The Kennedy Round trade talks were in a state of crisis tonight (Tuesday), but an official statement declared agreement was still possible.
The Kennedy Round trade talks were in a state of crisis tonight (Tuesday), but an official statement declared agreement was still possible. After four years of bargaining by 54 nations, aimed at mutual tariff cuts, the principal protagonists decided to give up the negotiations unless they succeeded by next Sunday (May 14).
The long drawn out talks on agricultural and industrial tariffs have been brought to a halt primarily because of differences between the United States and the European Common Market.
Despite an intensive overnight bargaining session, these two failed to make headway on either of the two main problems facing them - grains and chemicals.
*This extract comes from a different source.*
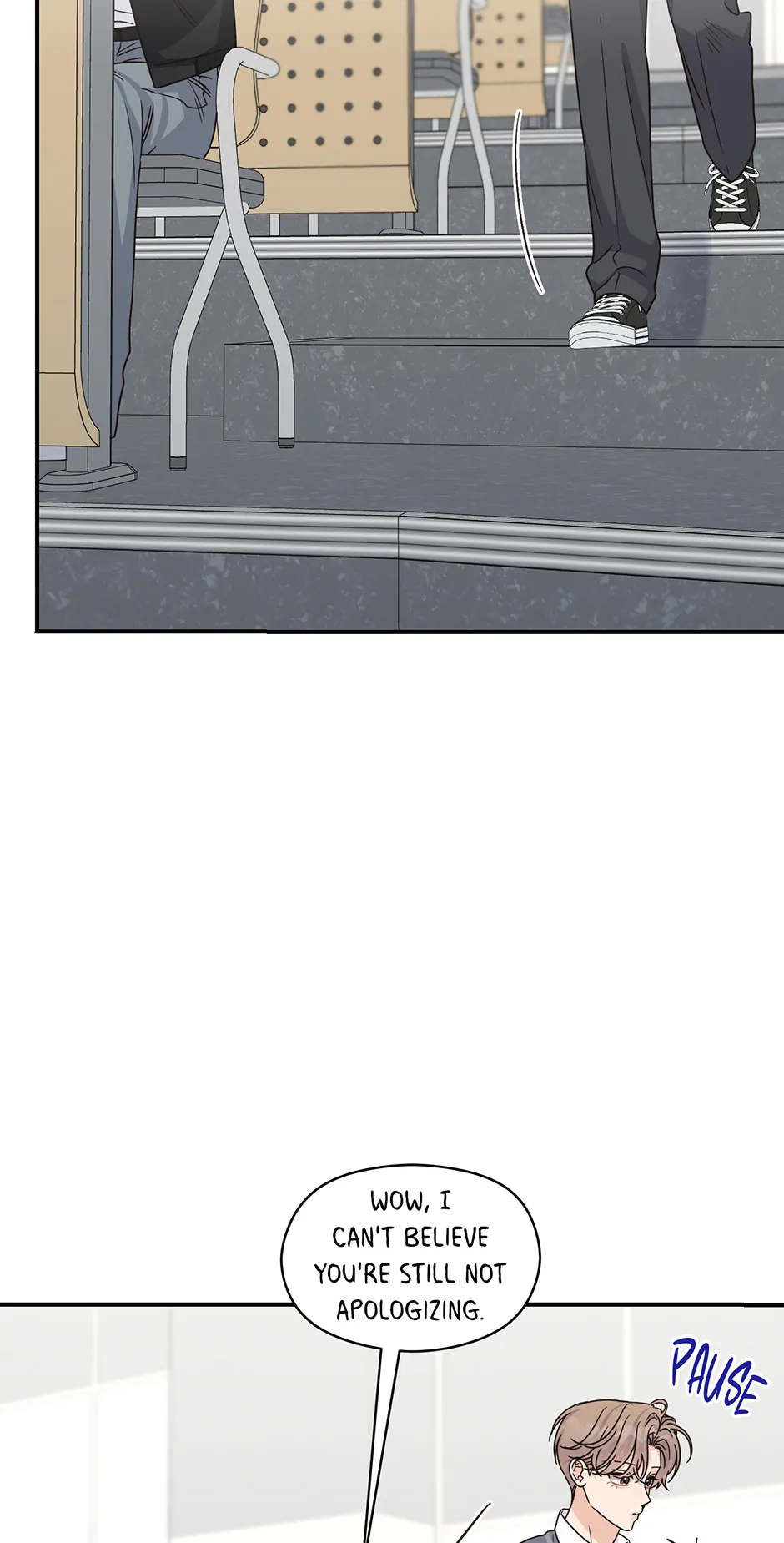 Alpha Trauma 《Mature Official》 - 22. Presentation Day manhwa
During the day, the chief American negotiator, Mr. William Roth, let it be known that he was ready to quit the talks unless something was done to meet the American demands. But later a U.S. spokes man said both Mr. Roth and his negotiating partner, Mr. W. Michael Blumenthal, would remain in Geneva.
In Washington, the State Department said that Secretary of State Dean Rusk and other Cabinet officials were ready to fly to Geneva if a foreign ministers' meeting were necessary to achieve agreement.
The chief Common Market negotiator, M. Jean Rey, was returning to Brussels tonight to put the position before the Market's Council of Ministers.